Interviews

Pablo Castaneda

Pablo Castaneda, Simulacro 48: Pueblo en llamas (Simulacrum 48: Town on Fire), 2012, oil on canvas, 20 x 24”.

I first encountered Pablo Castaneda’s work during a visit to Mexicali in 2011, where one of his paintings, Simulacro 15: Carretera imposible (Simulacrum 15: Impossible Highway), 2009, was featured in the Bienal de Artes Visuales del Noroeste at the Centro Estatal de los Artes. Later, I visited his studio and was overwhelmed by the range of his work: figurative paintings in muted colors as well as black, white, and gray monochromes that render familiar sites in this desert city newly strange. Sexy and violent, vulgar and tender, his paintings depict an everyday life enhanced by the presence of haunted faces and fantastic creatures. Born in 1973, he is part of a generation of Mexican artists living along the border who are equally influenced by Latin American fabulism and US mall culture. Six of his paintings are currently featured in “La Colección Elías-Fontes,” an exhibition on view at Centro Cultural Tijuana (CECUT) through April 3, 2016.

THE FIVE PORTRAITS in this exhibition all feature close-ups of faces as they would appear on a film screen, boiling with expressive power. For instance, the eyes are all highly defined. This technique is used sometimes in murals, but that’s not where I sourced it. All of my work is based on photographic material. Since discovering photography as a source, I’ve looked at photography books, art magazines, newspapers, National Geographic, etc., and also at museum photography exhibitions. I love the work of Cartier-Bresson, Jeff Wall, Manuel Álvarez Bravo, Thomas Struth, and other photographers. I also take photographs of landscapes and scenery in the nearby Rumorosa Mountains. Taking and collecting photographs is a way of keeping a diary. And then I construct and reconstruct these found images in my paintings. I’m interested in aesthetic forms that relate to actual problems with a mixture of reality and imagination.

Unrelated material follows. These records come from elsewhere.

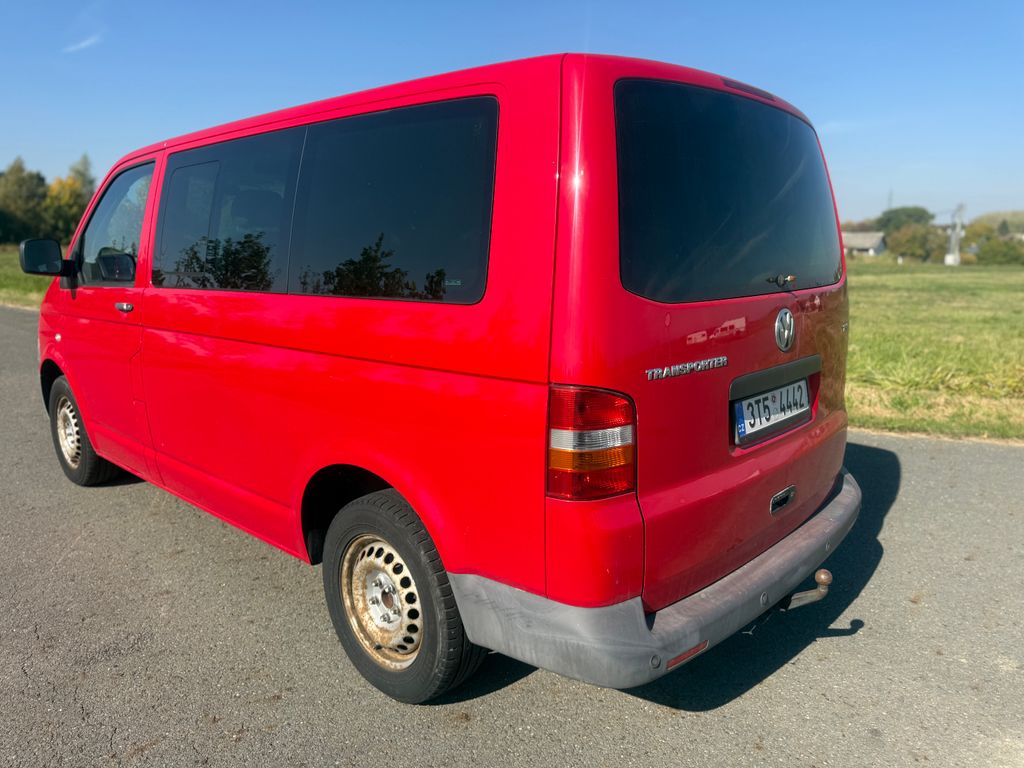 volkswagen-transporter-2-5-tdi-128-kw-automat-6-mist-klimatizace-stk-28 - 3
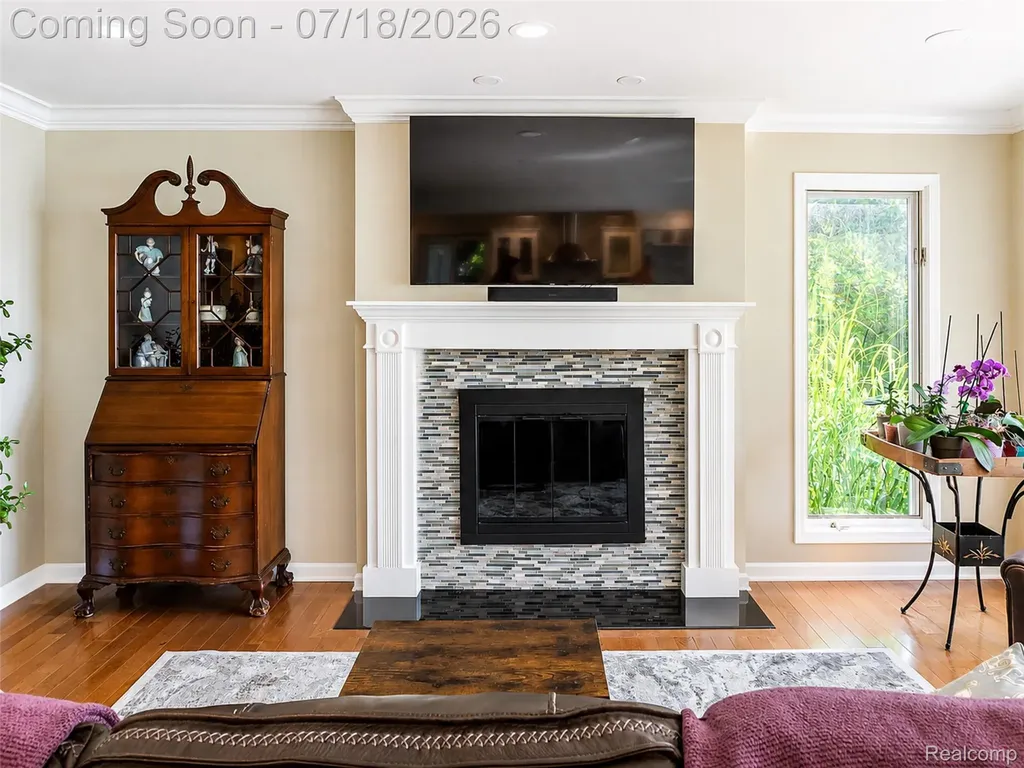 2545 Cedar Key Drive Lake Orion Village MI 48360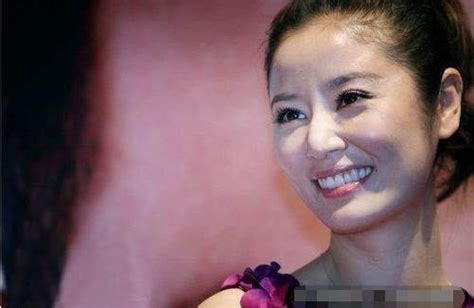 42歲林心如與婆婆合影，不像婆媳像姐妹，讓人感嘆保養的真好 每日頭條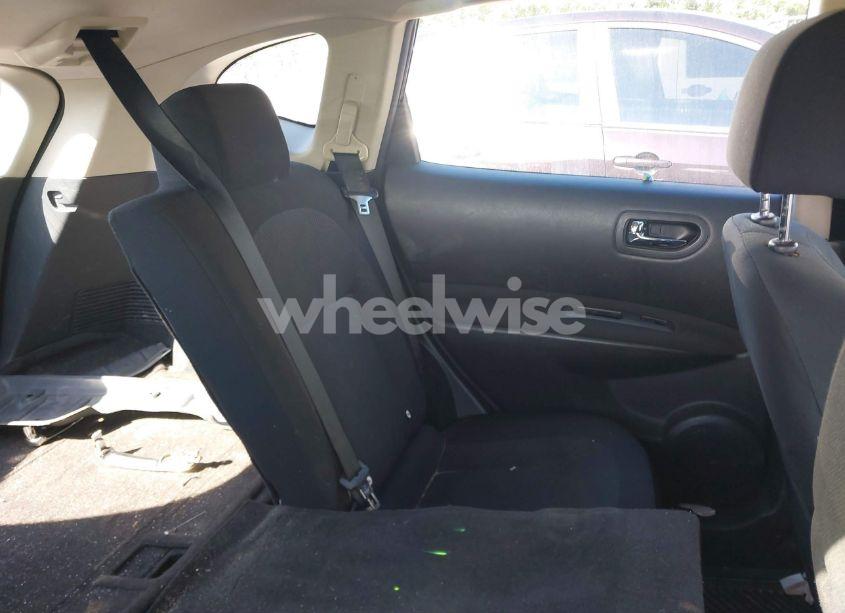 Photo 8 of 2014 Nissan Rogue SELECT S (VIN JN8AS5MV0EW706556)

The five portraits currently on view in Tijuana are part of “Simulacro,” a series I began in 2008. The paintings are neofigurative, combining gestural force with the rational impartiality I find in Conceptual art. Since beginning the ongoing series—which so far comprises about fifty-seven paintings—I’ve used different techniques, sizes, and formats to depict the personality of each face. Throughout, I’m interested in a dramatized and documentary figurative style.

For example, Simulacro 48 depicts a young woman turning away from a fiery building after an explosion. A police officer in a black balaclava holding an automatic weapon stands behind her. I come across these kinds of newspaper images of drug war violence practically every day. But the tension between the depicted elements in the work suggests a narrative, so it’s no longer clear whether the image is fictional or documentary.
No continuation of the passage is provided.